Is it end of the road for Chandrababu Naidu?
   Date :28-May-2019

By Mohammed Shafeeq:
WITH his worst-ever electoral defeat in Andhra Pradesh and losing relevance in national politics, Nara Chandrababu Naidu is facing the biggest challenge of his career. A leader, whose four-decade-long career saw his political pendulum swinging wildly from left to the right, the Telugu Desam Party (TDP) chief last year exercised even his last option -- aligning with the Congress. But this time, he ran out of both the options and the luck.
Till a day before the counting, Naidu was holding series of meetings with leaders of various regional parties, desperate to cobble together an anti-BJP alliance to remain relevant in the national politics. He wanted to stop his friend-turned-rival Narendra Modi from returning to power even as he was facing an acid test at home against Y S Jaganmohan Reddy.

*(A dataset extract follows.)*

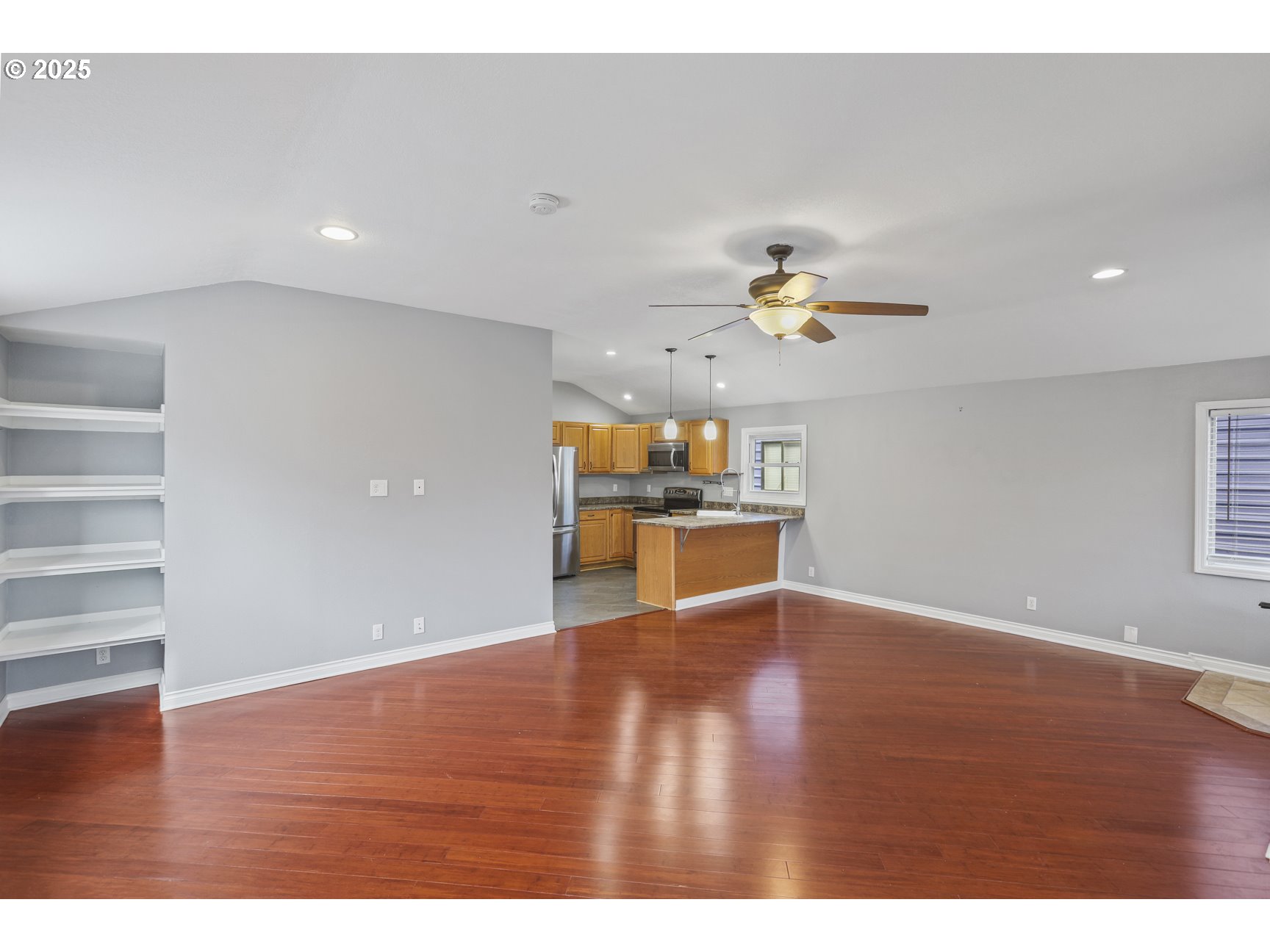1683 North Jantzen Avenue Portland, OR 97217 - Photo 5 of 35 Living Room/Dining Room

At the Centre, the 69-year-old wanted to achieve what he did in 1996, when as the convenor of the United Front (UF) he brought together regional parties to prop up Government of the third alternative. In 1999, he donned a similar role for the BJP-led National Democratic Alliance (NDA). Many saw in him a shrewd politician and few branded him a rank opportunist as he aligned with the BJP, apparently to ride on the Vajpayee wave.

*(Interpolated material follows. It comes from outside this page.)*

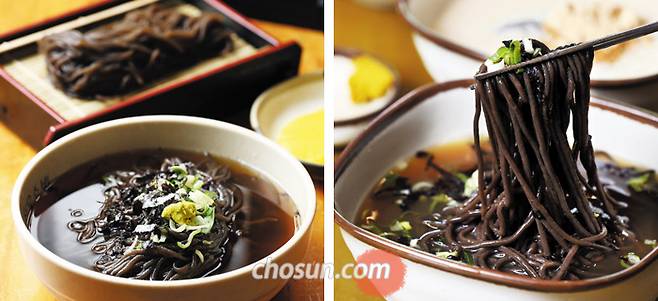 65년 된 중앙동의 ‘서울소바’의 메밀냉국수는 은은한 단맛을 자랑한다(왼쪽). 서신동 ‘전주소바’의 메밀냉국수(오른쪽)도 간결한 국물맛에 집중했다. /영상미디어 양수열 기자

He succeeded in retaining power, which he got in 1995 after leading a revolt against his father-in-law and TDP founder N T Rama Rao. Then known as the poster boy of new economic reforms, a reformist and a tech-savvy leader, Naidu mastered the skills of doing business with any formation at the Centre, irrespective of its ideology. After losing power to his bete noire Y S Rajasekhara Reddy (YSR) in 2004 following a record 9-year stint as Andhra Pradesh Chief Minister, Naidu admitted his priorities were lop-sided which led to the neglect of agriculture in the State.

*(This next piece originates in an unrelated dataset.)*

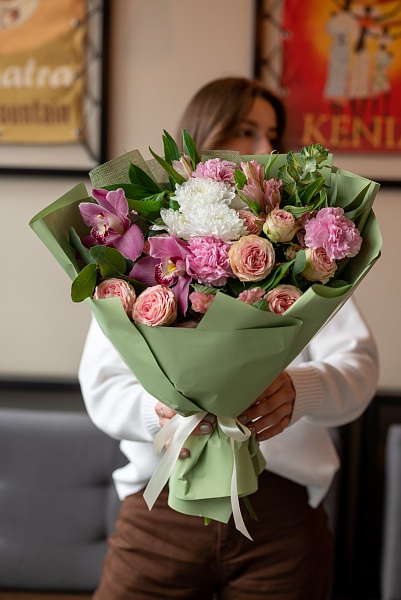 Букет с орхидеей "Таинственное очарование"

So he promised a slew of freebies in the 2009 elections, but the people remained unconvinced and gave YSR a fresh mandate. The emergence of Narendra Modi as the prime ministerial candidate in 2014 offered Naidu a chance to revive his political fortunes. He not only joined the NDA once again but by campaigning with Modi, he succeeded in storming to power in the truncated State of Andhra Pradesh, as people preferred him, apparently for his experience in developing Hyderabad as a tech hub. As a leader who always enjoyed the role of a kingmaker and extracted his pound of flesh from the Government at the Centre, Naidu was uncomfortable in the new dispensation where Modi had absolute majority. Though facing post-bifurcation challenges like lack of State capital and poor finances, he had no option, but to quietly accept whatever was doled out to the State.
However, it was when YSR’s son and the chief of the YSRCP Y S Jaganmohan Reddy started targeting him for his compromise over the Special Category Status (SCS) that Naidu realised how he was losing the ground to the Opposition. Last year, he pulled out of NDA Government accusing Modi of ‘betrayal’. But the Opposition still remained aggressive in exposing his flip-flops over the SCS. From a great admirer of Modi, Naidu soon turned into his worst critic and even joined hands with the Congress, his party’s sworn enemy of 35 years. This was Naidu’s biggest political misadventure and his rivals targeted him incessantly for his opportunism.